We now have a standard digital format (LiPD) and a budding research ecosystem around it. We have also standardized the terminology via the LinkedEarth Ontology. And as of last month, we now have the beginnings of a reporting standard: PaCTS.
PaCTS is the PaleoClimate reporTing Standard, a grassroots effort to standardize the data and metadata that would most ensure the most long-term value for digitally-archived paleoclimate datasets, past, present and future. We just submitted a paper describing the first version of the standard to Paleoceanography & Paleoclimatology, and are now turning the page and taking stock of lessons learned. To me, there are five major ones:
- There can never be enough community discussion. Although we used a mix of in-person and digital means (winding email threads, Skype calls, Twitter back & forths, and Working Group wiki pages), it is clear that other avenues could be beneficial. To that end, I hereby introduce the LinkedEarth forums, which we hope will facilitate more transparent community discussions in a central place. In the rest of this post, I link to specific threads to nucleate a discussion, but others are welcome too, of course.
- The paleo community really does care about standards. The main obstacle is engaging enough folks to gather all the needed input to build a truly representative consensus. Everyone’s ideas are welcome on how to broaden participation. See also “Who speaks for the trees?“
- The folks who did provide input to PaCTS v1.0 really do seem to want a whole lot more metadata, having voted most of the proposed categories as “essential” and nearly all the rest as “recommended”. However, when Deborah tried to apply the PaCTS v1.0 recommendations to a marine sediment dataset she had generated herself (at least in part) less than a decade ago, it became clear that many of the metadata properties were difficult to obtain, even in this ideal scenario. Imagine trying to do the same for a dataset you did not generate, and having to ferret out the information from pre-digital publications, old notebooks, gray literature, and the like ! This means that PaCTS v1.0 is at best an aspirational standard. How to we get from PaCTS v1.0 to a workable PaCTS?

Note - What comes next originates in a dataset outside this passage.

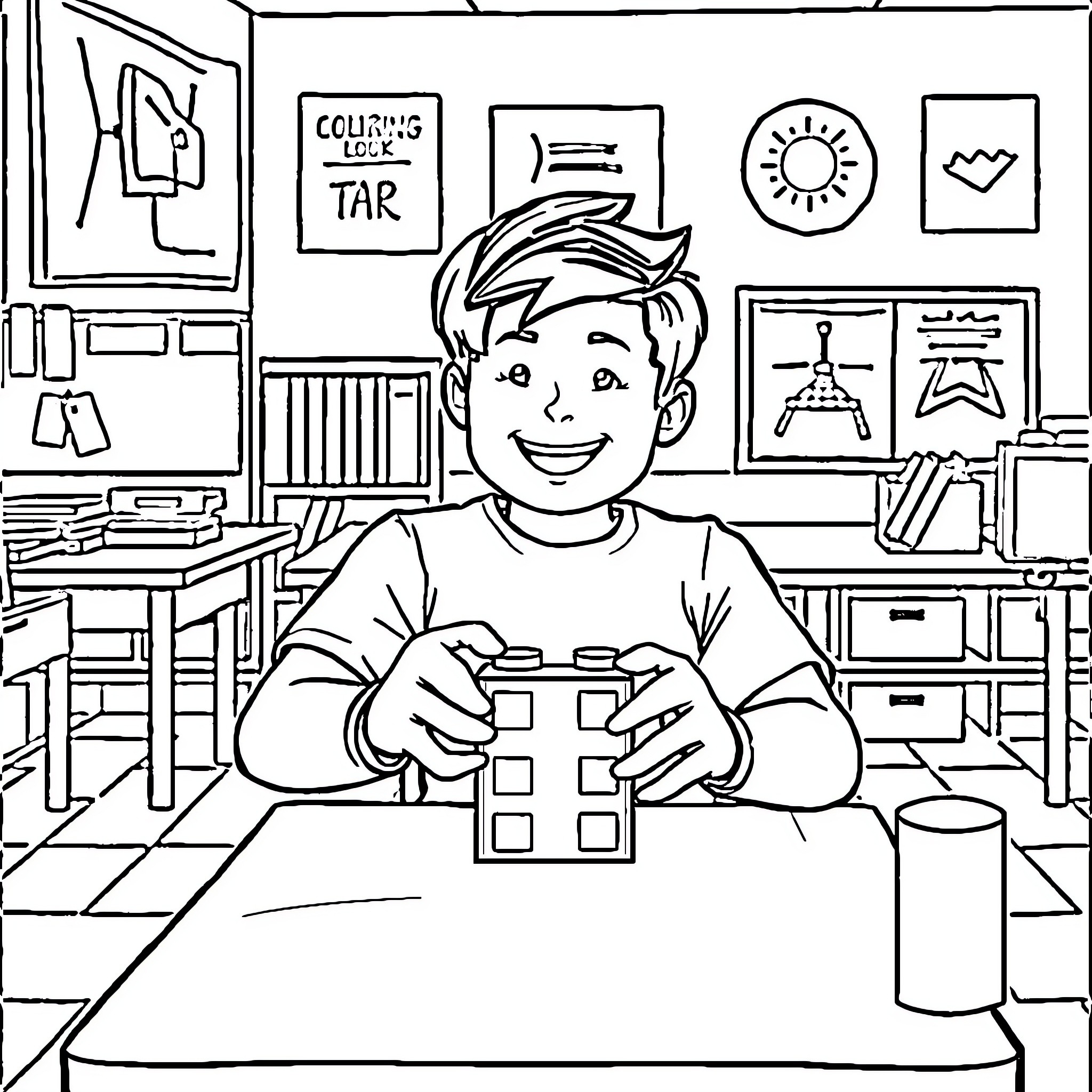 Boy Playing Happily with Building Blocks in Classroom Coloring Page (free black-and-white line drawing printable PDF for all, from beginners to advanced learners, including children, teens, adults, and seniors)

- Both of these points relate to the question of defining a more inclusive, clear and interactive process by which to update and adopt this community standard. Here is a forum to discuss that.
- This brings us to the topic of incentives, without which adherence to the standard is likely to remain extremely limited. Given the reward structure of academia, I see two levers: funding agencies and publishers. This thread discusses how to push them both.
What is your take on all this? What do you see as the next steps forward for data standardization? We hope the forum will be a small step in the direction of inclusive, transparent discussions, and we hope that you make use of it.